A cette question Link, arqua les sourcils avant de méditer la question, sa main posée sur son menton, l'air perplexe. Il releva ses mains, hésita, inspira et répondit simplement par un « non » ferme, sans équivoque : son visage et ses mots étaient raccord. Il ne regrettait pas d'avoir sauvé la vie de ce Yiga. Il ne regrettait pas de l'avoir épargné non plus. Il ne regrettait rien de cette rencontre malheureuse et assumait ses actes. Impa le sonda lourdement, testant sa détermination et Link supporta l'examen sans faillir.

Paya était partagée : d'un côté, elle trouvait cela admirable que Link ait assez de compassion pour épargner un opposant dont il ignorait tout et de l'autre, elle s'inquiétait qu'il ne soit trop gentil et que cela lui joue des tours. Elle remarqua tardivement ses signes et ne sut de quoi il parlait. Elle regarda sa grand-mère, curieuse de savoir sur quoi ils avaient échangé pendant qu'elle était distraite. Mais Impa avait juste l'air ennuyé à présent, comme si les propos de Link la dérangeaient et la jeune Sheikah s'en voulut de ne pas avoir suivi : elle était perdue !

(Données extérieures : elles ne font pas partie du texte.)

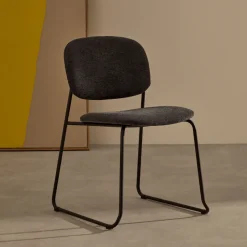 Kave Home Chenille Eetkamerstoelen|Beige Eetkamerstoelen|Eetkamerstoel Meli Chenille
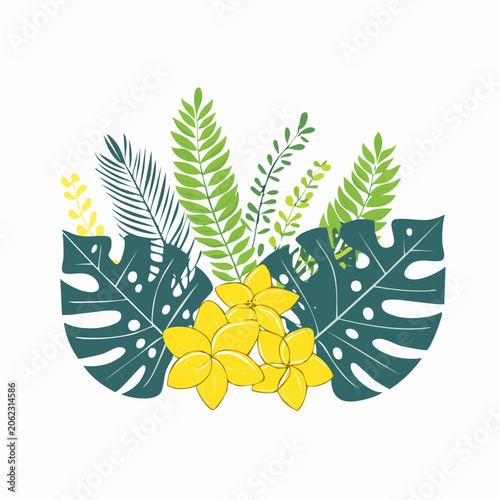 Tropical Leaves and Yellow Flowers Illustration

- C'est assez atypique, commenta Impa.

- Comment ça ? demanda Paya, confuse.

- Les Yigas ont une partie du style de combat Sheikah, il ne faut pas oublier d'où ils viennent. Ils préfèrent des attaques furtives, brèves, souvent en usant de tout pour avoir le plus possible l'avantage. Le reste du temps, ils fuient avant de perdre un combat.

- Quel est le problème alors ?

- Le problème c'est que c'est ce Yiga qui a abordé Link alors qu'ils tendent des embuscades en temps normal. De plus il a engagé un combat assez long alors que leurs agressions sont rapides, furtives. Ici le combat a duré assez longtemps pour que Link ait le temps d'analyser ses mouvements et apprendre indirectement ses déplacements. Et enfin : il n'a pas fui alors même qu'il perdait son combat. Tout ça pour ensuite être sauvé ? Les Yigas qui se déshonorent au combat sont abattus. Ils sont inutiles au clan s'ils ne savent pas se battre.

Impa poussa à nouveau ce soupir avant de demander à Paya de quitter la pièce et de veiller à ce qu'ils ne soient pas dérangés jusqu'à nouvel ordre. Elle ajouta gravement que tout ce qui allait être échangé entre elle et Link était confidentiel. De ce fait, Paya n'était donc pas autorisée à écouter jusqu'à ce que sa grand-mère la mette dans la confidence. La jeune fille s'inclina, bredouillante et s'éloigna lentement, laissant Impa et Link seul à seul.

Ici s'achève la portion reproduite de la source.